-- WHAT TO PRODUCE --
Starting with the line with "Horse Color:Black Tobiano" in the entries below and going on through the line with "贵州开放大学（贵州职业技术学", output every line exactly and nothing more. No pictures.

-- DATA UNDER STUDY --
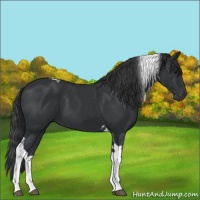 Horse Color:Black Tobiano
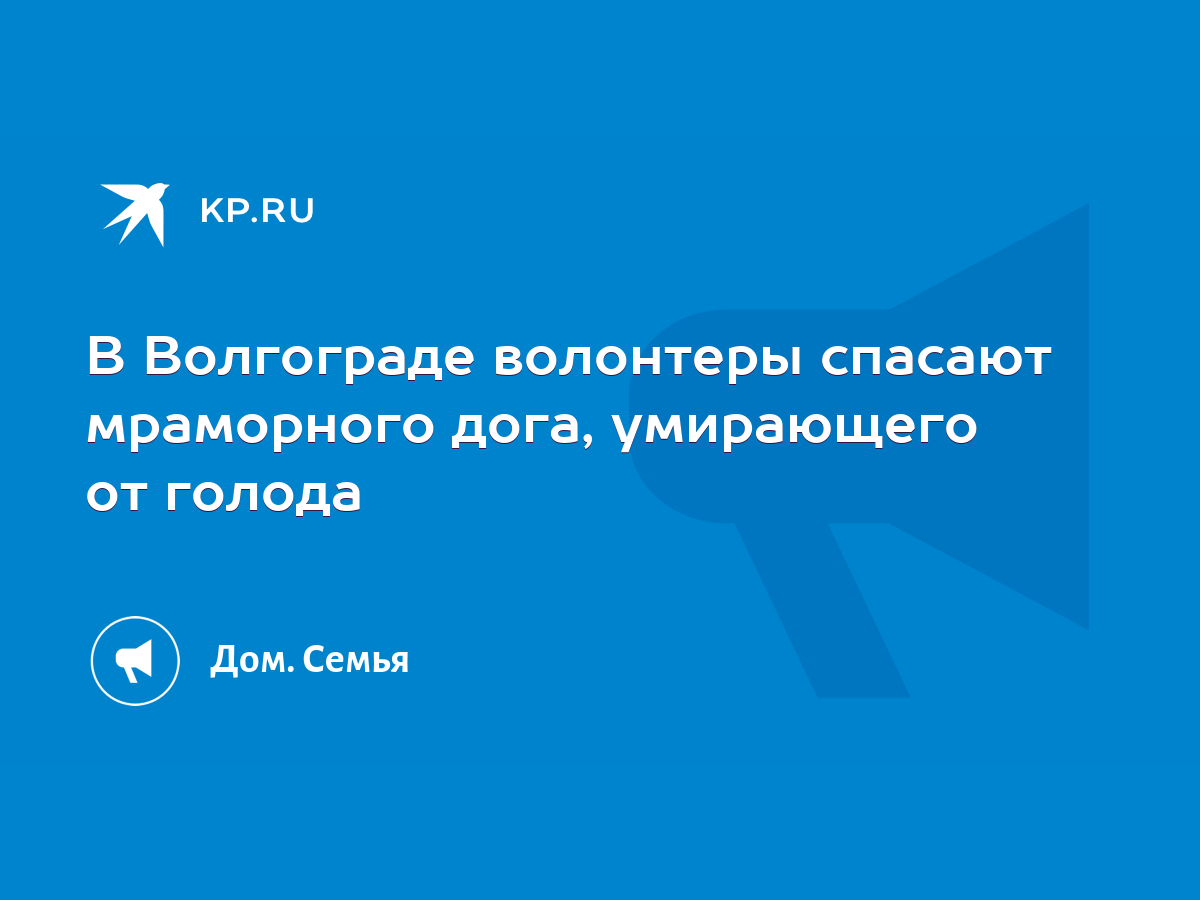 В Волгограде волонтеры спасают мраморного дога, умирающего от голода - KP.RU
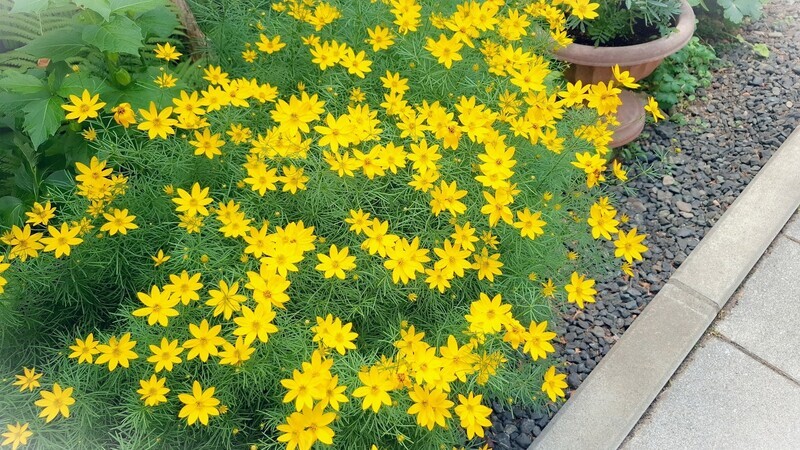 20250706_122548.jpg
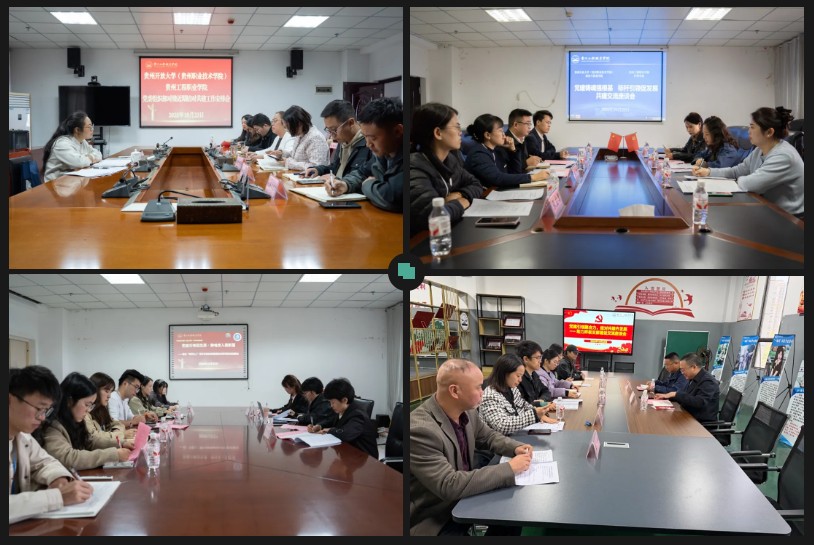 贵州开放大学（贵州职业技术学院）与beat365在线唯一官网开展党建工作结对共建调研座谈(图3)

---

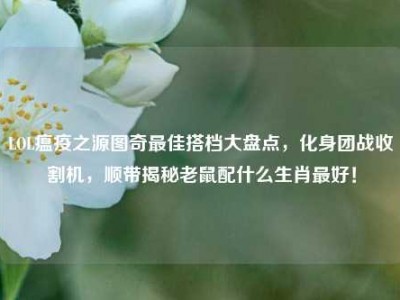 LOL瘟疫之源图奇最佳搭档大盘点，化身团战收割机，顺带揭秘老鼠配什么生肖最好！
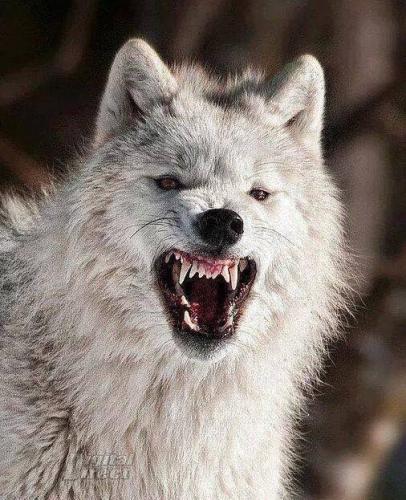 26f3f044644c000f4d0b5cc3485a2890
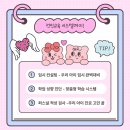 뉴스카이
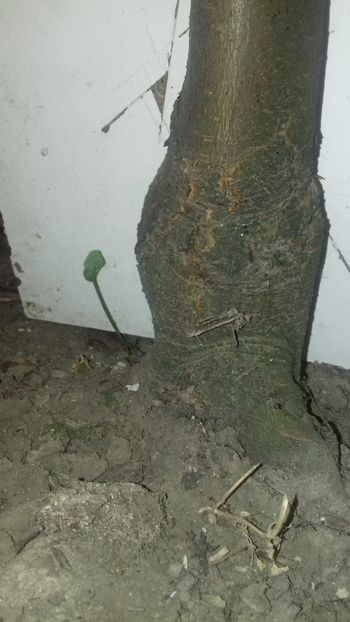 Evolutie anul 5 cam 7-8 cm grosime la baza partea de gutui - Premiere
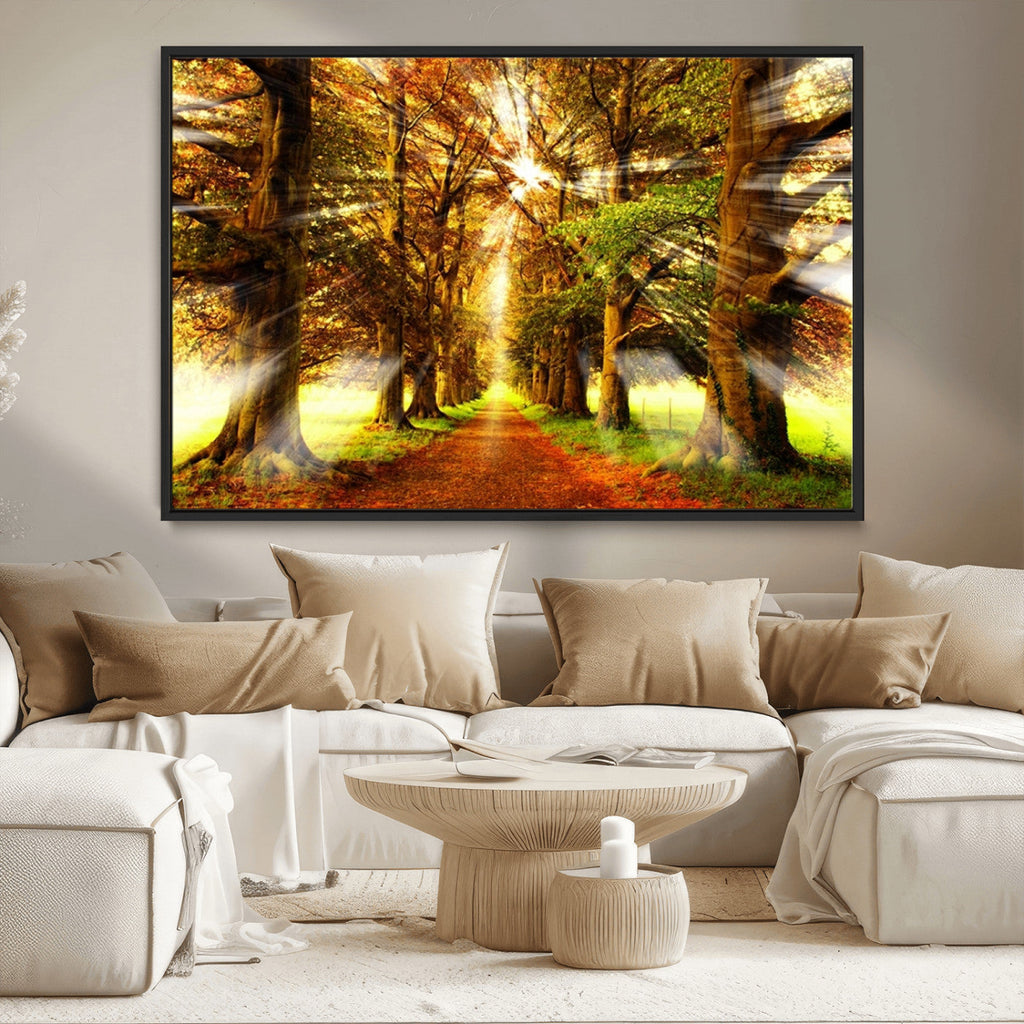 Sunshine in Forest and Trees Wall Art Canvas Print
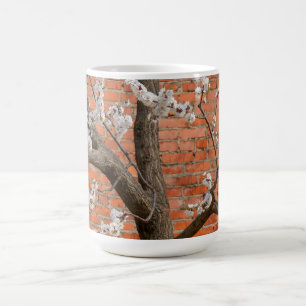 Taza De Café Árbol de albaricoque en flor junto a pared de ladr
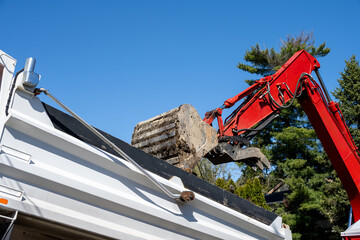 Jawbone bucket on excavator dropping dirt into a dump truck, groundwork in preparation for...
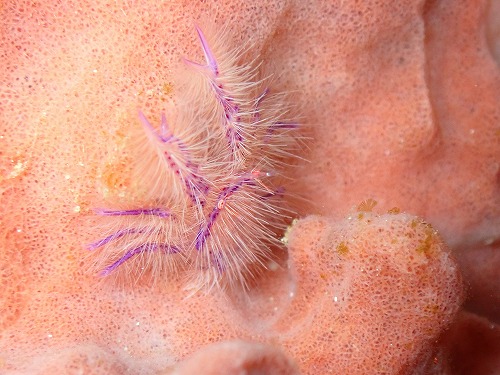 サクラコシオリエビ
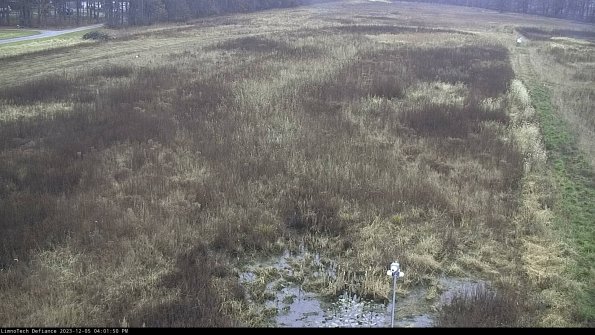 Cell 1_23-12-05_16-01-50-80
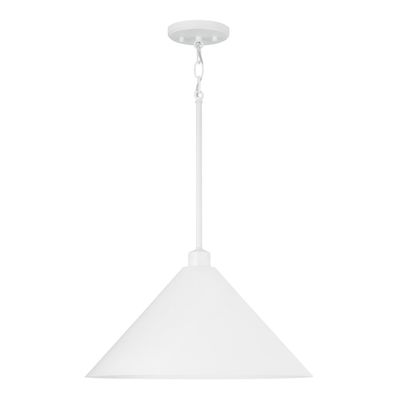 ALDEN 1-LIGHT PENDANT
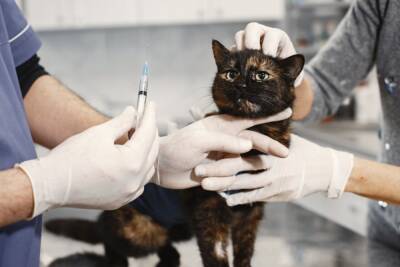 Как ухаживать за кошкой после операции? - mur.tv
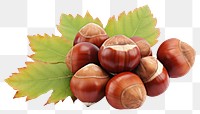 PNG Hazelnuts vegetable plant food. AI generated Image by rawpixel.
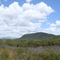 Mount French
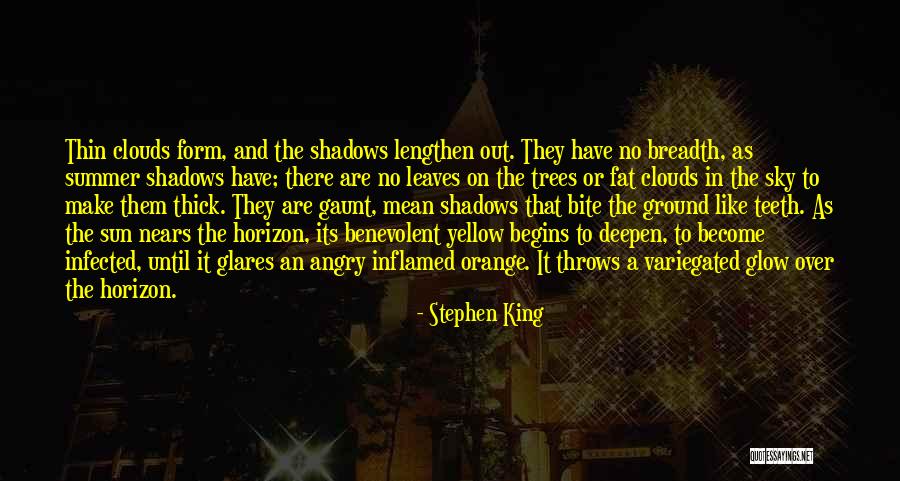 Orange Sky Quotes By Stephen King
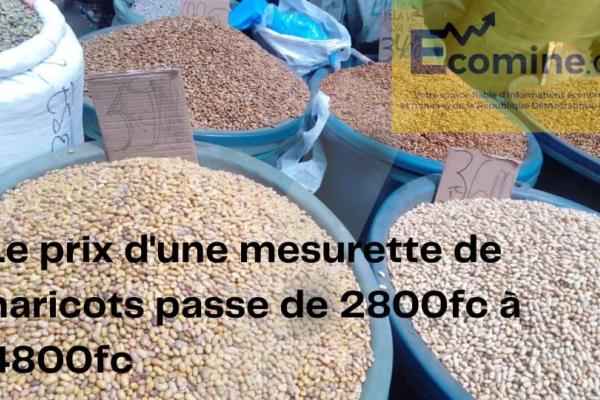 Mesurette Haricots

-- OUTPUT OF THE TASK --
 Horse Color:Black Tobiano
 В Волгограде волонтеры спасают мраморного дога, умирающего от голода - KP.RU
 20250706_122548.jpg
 贵州开放大学（贵州职业技术学院）与beat365在线唯一官网开展党建工作结对共建调研座谈(图3)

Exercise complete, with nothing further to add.